=== Begin Enclosure ===

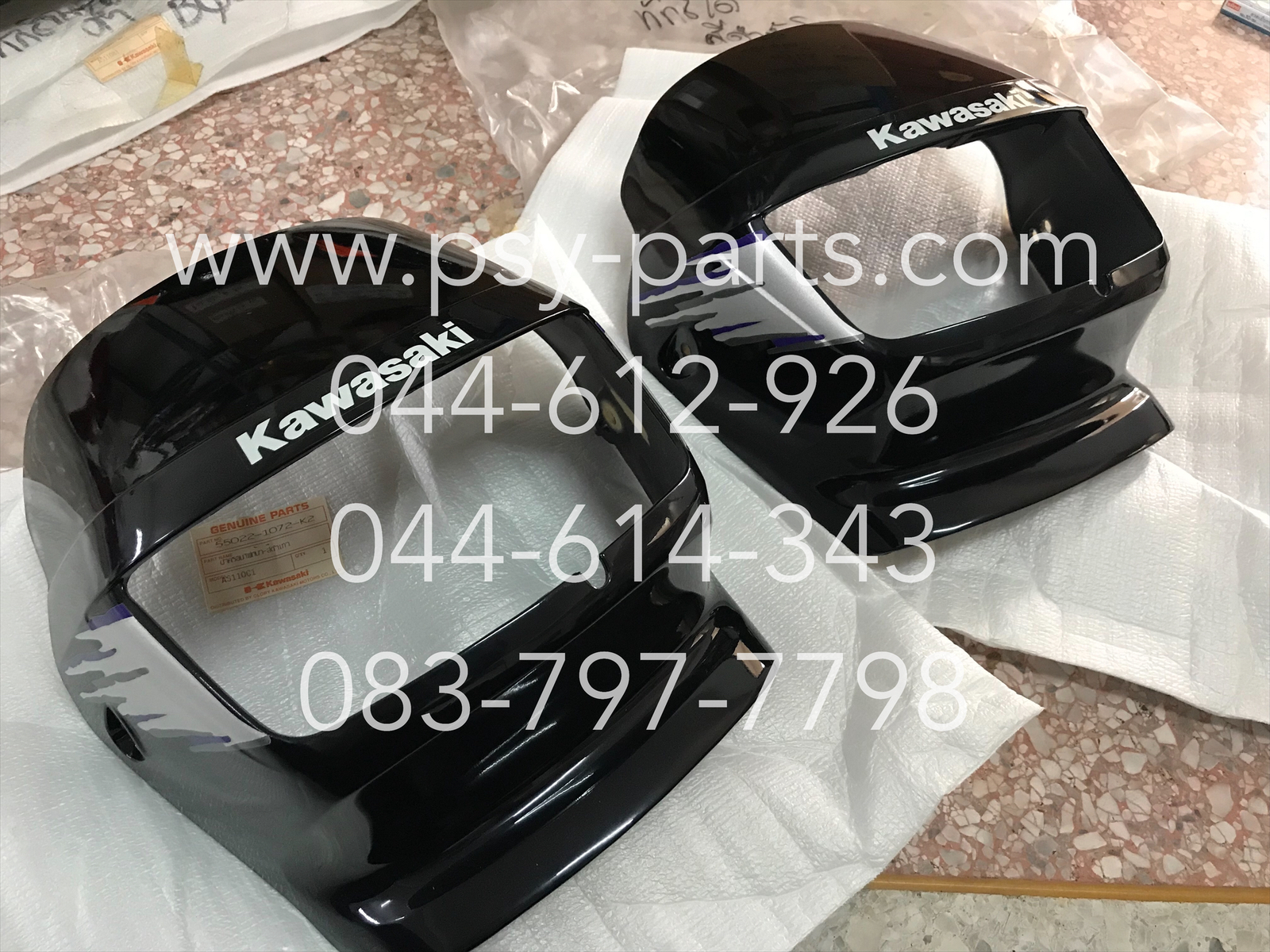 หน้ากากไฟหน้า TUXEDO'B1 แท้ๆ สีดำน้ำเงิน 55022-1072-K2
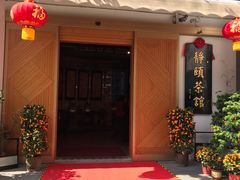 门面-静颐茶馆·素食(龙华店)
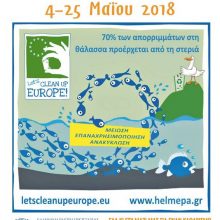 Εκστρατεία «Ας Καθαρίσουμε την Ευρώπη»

=== End Enclosure ===

Problem to work on:
Exact repetition of each line above is expected; images are to be omitted.

Solution for this task:
 หน้ากากไฟหน้า TUXEDO'B1 แท้ๆ สีดำน้ำเงิน 55022-1072-K2
 门面-静颐茶馆·素食(龙华店)
 Εκστρατεία «Ας Καθαρίσουμε την Ευρώπη»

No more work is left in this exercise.